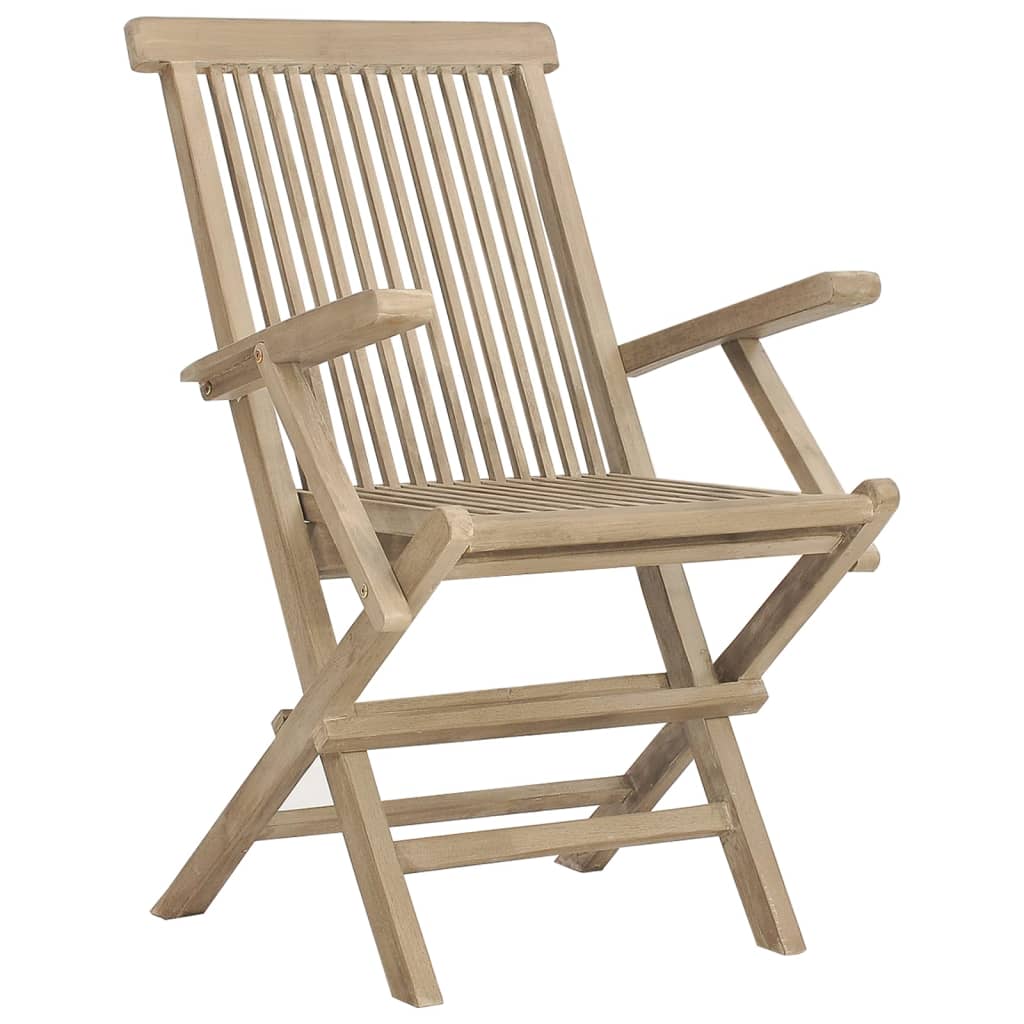vidaXL Folding Patio Chairs Outdoor Lawn Chair Furniture Gray Solid Wood Teak-14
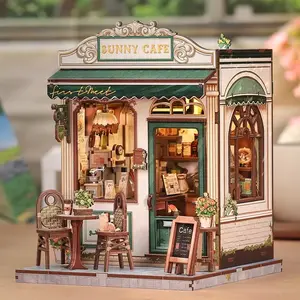 [Sunny Cafe]Book Nook Kit DIY Miniature House Dollhouse Kit for Adult and Teens, Booknook Bookshelf Decor Alley Model Build with LED Light, Gifts for Family and Friends, Wooden House Kit Adults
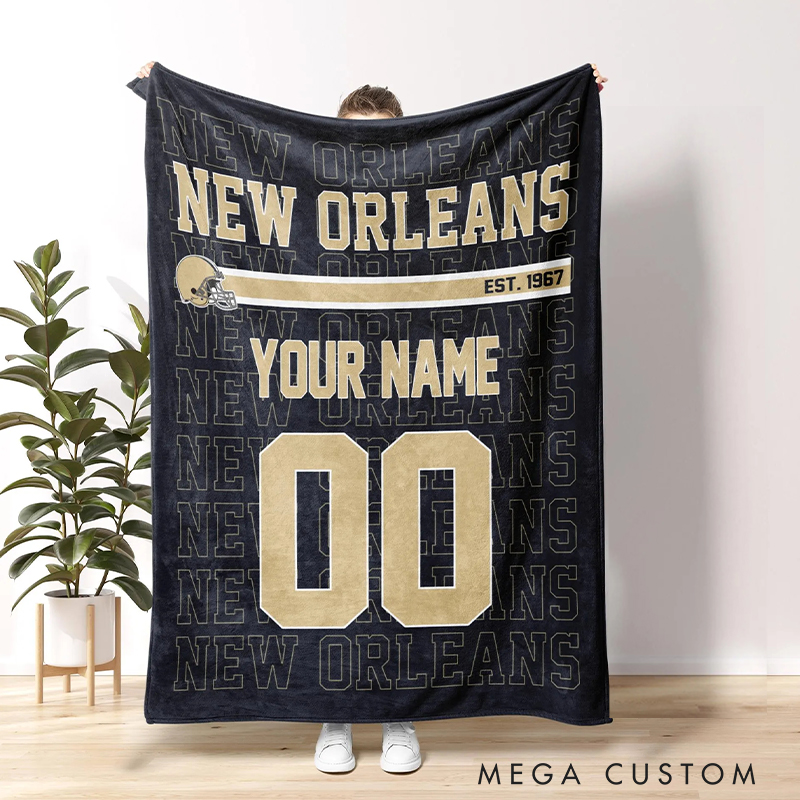 Personalized Football Player Blanket with Customizable Name and Team Details 
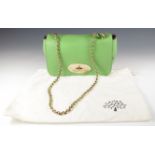 Mulberry Lily small handbag in green leather with gilt metal hardware, leather and chain strap,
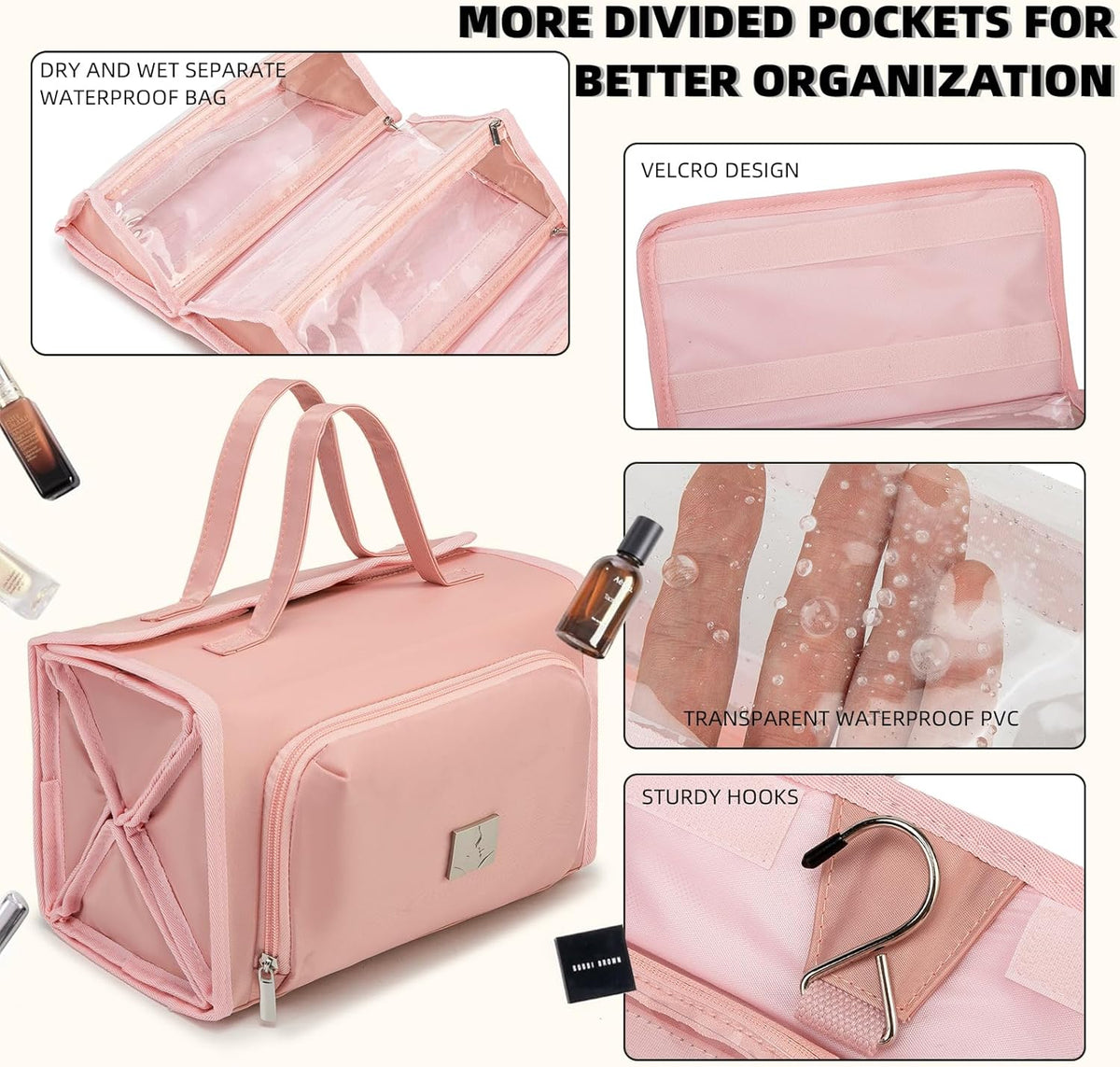Roll Up Makeup Bag, Travel Toiletry Bag for Women with 4 Clear TSA Approved Pouches, Hanging Travel Organizer, Folding Cosmetic Bag for Men and Women (khaki)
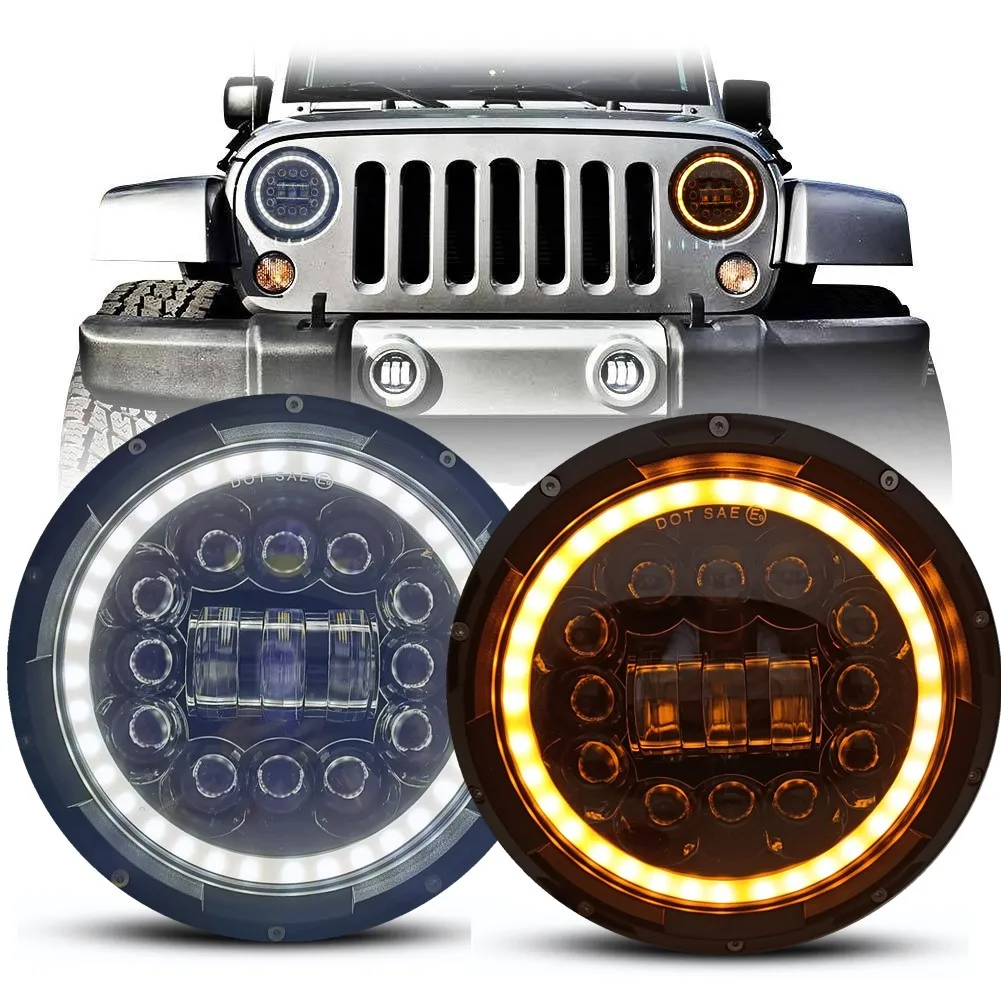 2pc 180W 7 Inch LED Headlights DRL Hi/Lo Beam Halo Ring Amber Angel Eye For Niva Motorcycle Lada Offroad 4x4 UAZ 12V 24V Car 
2pc 180W 7 Inch LED Headlights DRL Hi/Lo Beam Halo Ring Amber Angel Eye For Niva Motorcycle Lada Offroad 4x4 UAZ 12V 24V Car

-------

■ **What you will do**: Please copy out the whole listing exactly as it stands, minus the pictures.

■ **Answer**:
vidaXL Folding Patio Chairs Outdoor Lawn Chair Furniture Gray Solid Wood Teak-14
 [Sunny Cafe]Book Nook Kit DIY Miniature House Dollhouse Kit for Adult and Teens, Booknook Bookshelf Decor Alley Model Build with LED Light, Gifts for Family and Friends, Wooden House Kit Adults
 Personalized Football Player Blanket with Customizable Name and Team Details 
 Mulberry Lily small handbag in green leather with gilt metal hardware, leather and chain strap,
Roll Up Makeup Bag, Travel Toiletry Bag for Women with 4 Clear TSA Approved Pouches, Hanging Travel Organizer, Folding Cosmetic Bag for Men and Women (khaki)
 2pc 180W 7 Inch LED Headlights DRL Hi/Lo Beam Halo Ring Amber Angel Eye For Niva Motorcycle Lada Offroad 4x4 UAZ 12V 24V Car 
2pc 180W 7 Inch LED Headlights DRL Hi/Lo Beam Halo Ring Amber Angel Eye For Niva Motorcycle Lada Offroad 4x4 UAZ 12V 24V Car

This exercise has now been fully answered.